Source records
*** Begin section ***
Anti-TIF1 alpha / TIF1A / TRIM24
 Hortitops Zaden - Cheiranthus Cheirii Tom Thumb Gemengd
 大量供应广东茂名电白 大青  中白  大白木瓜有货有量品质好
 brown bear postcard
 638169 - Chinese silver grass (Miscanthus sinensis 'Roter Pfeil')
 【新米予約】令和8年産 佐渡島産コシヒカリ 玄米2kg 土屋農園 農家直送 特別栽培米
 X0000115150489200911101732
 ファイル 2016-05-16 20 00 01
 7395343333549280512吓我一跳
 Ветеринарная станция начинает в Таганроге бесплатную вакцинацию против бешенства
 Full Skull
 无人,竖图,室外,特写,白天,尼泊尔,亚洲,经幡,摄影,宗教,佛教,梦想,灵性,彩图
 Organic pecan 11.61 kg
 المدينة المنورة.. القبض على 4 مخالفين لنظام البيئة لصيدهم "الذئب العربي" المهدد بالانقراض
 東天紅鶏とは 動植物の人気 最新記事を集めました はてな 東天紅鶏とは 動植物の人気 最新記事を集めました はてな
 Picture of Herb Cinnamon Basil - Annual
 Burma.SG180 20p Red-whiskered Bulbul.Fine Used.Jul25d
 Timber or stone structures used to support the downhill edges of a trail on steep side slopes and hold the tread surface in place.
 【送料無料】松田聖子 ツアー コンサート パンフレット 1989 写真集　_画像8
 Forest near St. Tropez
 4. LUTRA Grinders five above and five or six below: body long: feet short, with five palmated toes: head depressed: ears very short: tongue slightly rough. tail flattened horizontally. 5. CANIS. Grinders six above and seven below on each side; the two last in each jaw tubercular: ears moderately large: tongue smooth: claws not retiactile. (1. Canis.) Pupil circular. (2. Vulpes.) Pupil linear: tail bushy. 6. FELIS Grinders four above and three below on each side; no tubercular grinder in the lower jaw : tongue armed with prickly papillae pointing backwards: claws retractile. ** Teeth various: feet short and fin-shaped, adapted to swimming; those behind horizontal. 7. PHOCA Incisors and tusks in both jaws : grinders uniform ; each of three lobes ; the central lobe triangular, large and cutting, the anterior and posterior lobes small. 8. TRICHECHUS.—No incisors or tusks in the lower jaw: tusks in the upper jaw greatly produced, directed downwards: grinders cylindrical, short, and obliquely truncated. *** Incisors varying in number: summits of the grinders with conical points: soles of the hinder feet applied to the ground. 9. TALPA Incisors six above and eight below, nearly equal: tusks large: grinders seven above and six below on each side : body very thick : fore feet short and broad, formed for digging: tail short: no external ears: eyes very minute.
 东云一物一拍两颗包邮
*** End section ***
**Task prompt:**
Write the data out once more. Keep every word the same.

**Output of the task:**
Anti-TIF1 alpha / TIF1A / TRIM24
 Hortitops Zaden - Cheiranthus Cheirii Tom Thumb Gemengd
 大量供应广东茂名电白 大青  中白  大白木瓜有货有量品质好
 brown bear postcard
 638169 - Chinese silver grass (Miscanthus sinensis 'Roter Pfeil')
 【新米予約】令和8年産 佐渡島産コシヒカリ 玄米2kg 土屋農園 農家直送 特別栽培米
 X0000115150489200911101732
 ファイル 2016-05-16 20 00 01
 7395343333549280512吓我一跳
 Ветеринарная станция начинает в Таганроге бесплатную вакцинацию против бешенства
 Full Skull
 无人,竖图,室外,特写,白天,尼泊尔,亚洲,经幡,摄影,宗教,佛教,梦想,灵性,彩图
 Organic pecan 11.61 kg
 المدينة المنورة.. القبض على 4 مخالفين لنظام البيئة لصيدهم "الذئب العربي" المهدد بالانقراض
 東天紅鶏とは 動植物の人気 最新記事を集めました はてな 東天紅鶏とは 動植物の人気 最新記事を集めました はてな
 Picture of Herb Cinnamon Basil - Annual
 Burma.SG180 20p Red-whiskered Bulbul.Fine Used.Jul25d
 Timber or stone structures used to support the downhill edges of a trail on steep side slopes and hold the tread surface in place.
 【送料無料】松田聖子 ツアー コンサート パンフレット 1989 写真集　_画像8
 Forest near St. Tropez
 4. LUTRA Grinders five above and five or six below: body long: feet short, with five palmated toes: head depressed: ears very short: tongue slightly rough. tail flattened horizontally. 5. CANIS. Grinders six above and seven below on each side; the two last in each jaw tubercular: ears moderately large: tongue smooth: claws not retiactile. (1. Canis.) Pupil circular. (2. Vulpes.) Pupil linear: tail bushy. 6. FELIS Grinders four above and three below on each side; no tubercular grinder in the lower jaw : tongue armed with prickly papillae pointing backwards: claws retractile. ** Teeth various: feet short and fin-shaped, adapted to swimming; those behind horizontal. 7. PHOCA Incisors and tusks in both jaws : grinders uniform ; each of three lobes ; the central lobe triangular, large and cutting, the anterior and posterior lobes small. 8. TRICHECHUS.—No incisors or tusks in the lower jaw: tusks in the upper jaw greatly produced, directed downwards: grinders cylindrical, short, and obliquely truncated. *** Incisors varying in number: summits of the grinders with conical points: soles of the hinder feet applied to the ground. 9. TALPA Incisors six above and eight below, nearly equal: tusks large: grinders seven above and six below on each side : body very thick : fore feet short and broad, formed for digging: tail short: no external ears: eyes very minute.
 东云一物一拍两颗包邮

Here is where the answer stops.